According to Kira Birditt, a research fellow at the U-M Institute for Social Research (ISR), negativity is a normal aspect of close relationships that include a great deal of daily contact, which is good for a relationship.
"As we age, and become closer and more comfortable with one another, it could be that we're more able to express ourselves to each other," Birditt said.
In the study, the research team looked at individual changes over time and also at differences among people at different stages in life— young, middle-aged and older adults.
The volunteers were interviewed first in 1992 and again in 2005.
They were asked about the negativity of their relationships with three key people in their lives: their spouse or partner, a child, and a best friend.
Specifically, they rated the extent to which they agreed or disagreed with the following two statements about each relationship: "My (spouse/partner, child, friend) gets on my nerves" and "My (spouse/partner, child, friend) makes too many demands on me."
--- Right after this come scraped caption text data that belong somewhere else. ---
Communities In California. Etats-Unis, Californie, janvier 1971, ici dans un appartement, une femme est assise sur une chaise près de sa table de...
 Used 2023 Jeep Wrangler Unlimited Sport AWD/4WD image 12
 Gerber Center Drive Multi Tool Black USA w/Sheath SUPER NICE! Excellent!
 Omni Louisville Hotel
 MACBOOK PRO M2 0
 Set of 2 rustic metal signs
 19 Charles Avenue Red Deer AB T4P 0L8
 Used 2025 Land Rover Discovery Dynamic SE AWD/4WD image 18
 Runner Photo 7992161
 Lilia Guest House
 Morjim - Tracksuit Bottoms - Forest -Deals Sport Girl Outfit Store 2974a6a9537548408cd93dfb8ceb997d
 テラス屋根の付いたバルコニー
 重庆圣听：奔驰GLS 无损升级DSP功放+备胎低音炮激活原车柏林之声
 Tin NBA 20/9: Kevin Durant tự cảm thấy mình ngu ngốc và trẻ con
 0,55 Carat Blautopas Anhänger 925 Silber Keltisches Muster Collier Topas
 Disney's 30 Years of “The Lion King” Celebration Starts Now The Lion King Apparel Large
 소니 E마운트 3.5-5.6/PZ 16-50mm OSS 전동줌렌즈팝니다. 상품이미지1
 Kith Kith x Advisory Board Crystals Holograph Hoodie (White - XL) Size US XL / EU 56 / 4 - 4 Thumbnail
At both points in time, older adults aged 60-plus had the least negative relationships with spouses, children and friends.
Participants in their 20s and 30s reported having the most negative relationships overall.
For all age groups, including adults in their 40s and 50s, the spousal relationship was seen as the most negative and it tended to increase in negativity over time.
"The increases in negativity over time may be indicative of learned patterns of interaction which have been reinforced and tend to persist over time," Birditt said.
"Interestingly, as relationships with spouses become more negative, relationships with children and friends appear to become less demanding and irritating over time," she added.
The study was presented late last year at the annual meeting of the Gerontological Society of America.